Ali observed that the machine learning algorithm itself is rarely the main barrier in building AI applications. Instead, the real culprit is the set of complex systems that manages the infrastructure and prepares the data for the ML algorithms.

According to Ali, Spark is a huge leap forward in democratizing AI because of its speed, flexibility, and scalability. However, Spark cannot solve all the problems around AI by itself - and this is where Databricks comes in. Databricks’ vision is to build a platform around Spark that allows organizations to easily capitalize on Spark’s inherent speed, flexibility, and scalability for advanced analytics and beyond.

As another step towards Databricks’ goal, Ali announced the addition of GPU support and integration of popular deep learning libraries to the Databricks’ big data platform. This allows organizations to easily conduct deep learning on Spark using the popular TensorFlow framework on top of highly optimized GPU hardware.

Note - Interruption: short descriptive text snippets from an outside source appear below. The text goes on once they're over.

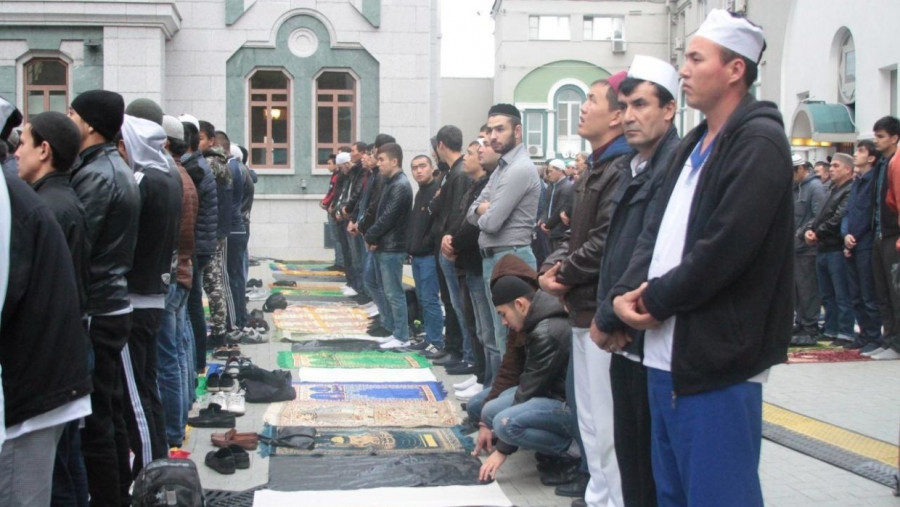 ForPost - Новости : Тысячи верующих мусульман Крыма участвовали в праздничной молитве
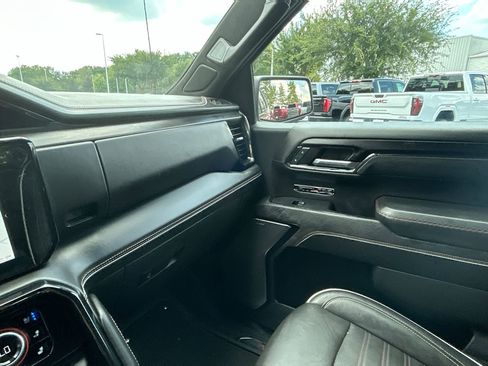 Used 2022 GMC Sierra 1500 AT4X image 31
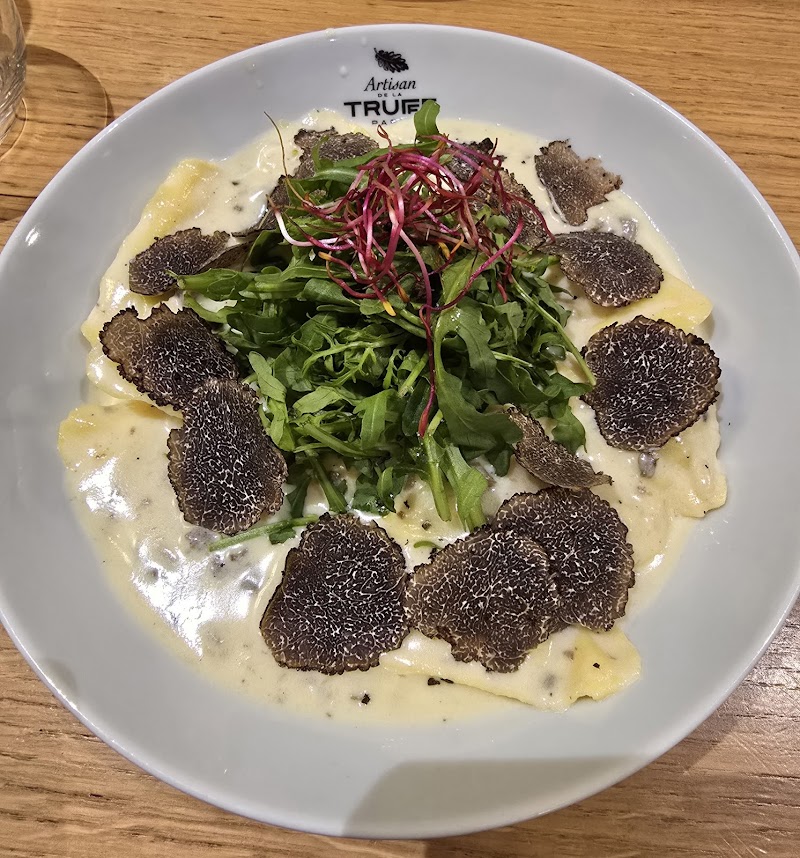 Restaurant Artisan de la Truffe Marais à Paris, France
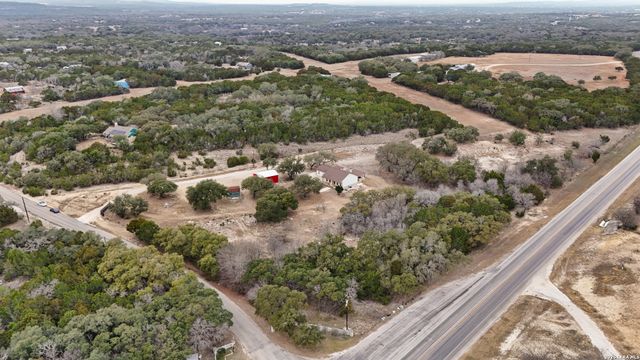 192 River Trail, Pipe Creek, TX 78063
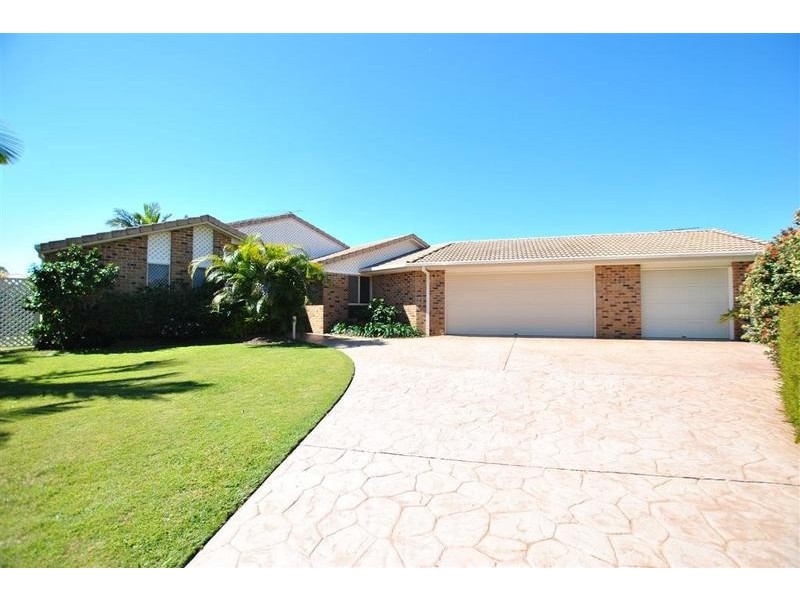 8 Pamphlet Place, Pelican Waters QLD 4551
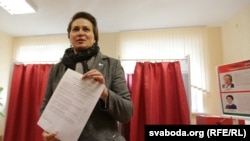 Тацяна Караткевіч, галасаваньне на прэзыдэнцкіх выбарах, 10 кастрычніка 2015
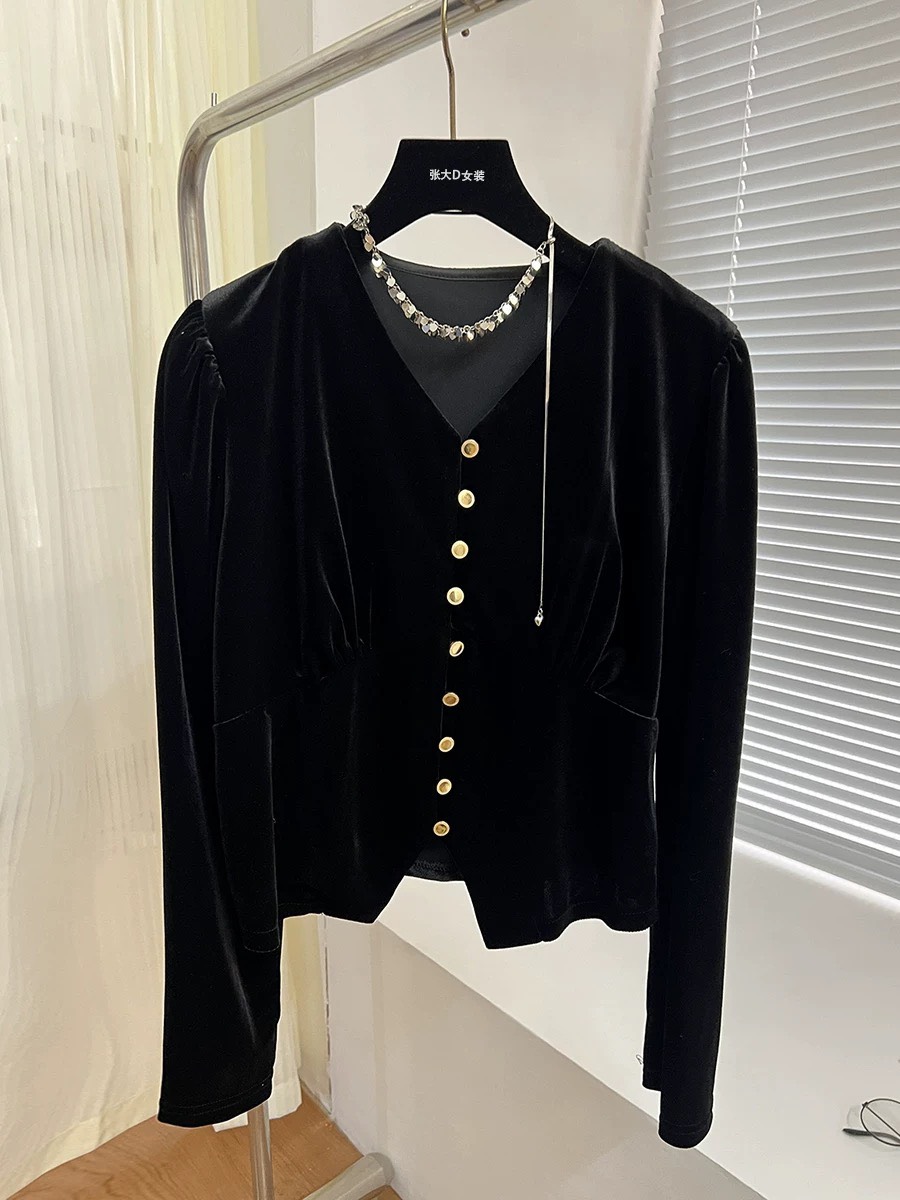 ||| GB SHOP ||| 631#เสื้อแขนยาวกำมะหยี่คอวี งานกระดุมหน้า เนื้อผ้าดี ทรงสวย TAG : 🇰🇷 🇰🇷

The deep learning functionality works in concert with other components of the Databricks platform, enabling organizations to seamlessly perform data wrangling, feature extraction, interactive exploration, and model training in an end-to-end machine learning pipeline. Read the blog on GPU support to learn more, or contact us to get started.

Developer Track Sessions

TensorFrames: Deep Learning with TensorFlow on Apache Spark

Tim Hunter speaking at Spark Summit EU 2016

Databricks engineer Tim Hunter revealed more details behind Ali’s keynote with a presentation focused on deep learning on Apache Spark. He discussed how to combine Apache Spark with TensorFlow, a popular framework from Google that provides the building blocks for Machine Learning computations on GPUs. Tim demonstrated how to use GPUs with TensorFlow on Apache Spark to achieve extremely fast performance.

The trick, as Hunter explained, is TensorFrames. It is a library he wrote that allows Spark developers to easily pass data between Spark DataFrames and the TensorFlow runtime while taking advantage of the latest performance optimizations in Project Tungsten. The result is faster and simpler code.

Update: You can watch the full presentation here.

Data Science Track

Online Learning with Structured Streaming

In his session talk, Databricks Product Manager Ram Sriharsha defined online machine learning as an ability to learn efficiently over a data stream on a single pass, especially when you cannot replay or revisit your data point. This ability is important for two sets of problems. First, for large scale learning in which achieving accuracy in a given time is important, machine learning algorithms might achieve that accuracy faster. And second, when data distribution changes over time, online algorithms can adapt to changing algorithms.

Ram Sriharsha speaking at Spark Summit EU 2016

Implementing online Machine Learning (ML) on top Structured Streaming makes it all possible, Sriharsha said, because we can leverage its fault tolerance and interoperability with MLlib for invoking feature transformation and online algorithms within the same ML pipeline.

Update: You can watch the full presentation here.

Enterprise Track

Paddling Up the Stream

When building a real-time streaming application, how do you untangle the challenges around upgrading versions, migrating between languages and integrating with peripheral systems?

Miklos Christine speaking at Spark Summit EU 2016

Miklos Christine, systems engineer at Databricks, today discussed the top 5 issues that he has seen customers run into and how they resolved them. In the first four issues, he showed how to fix common stacktraces seen in the wild such as type mismatches, “couldn’t find leader offsets” errors, “toDF not member of RDD” and “task not serializable.”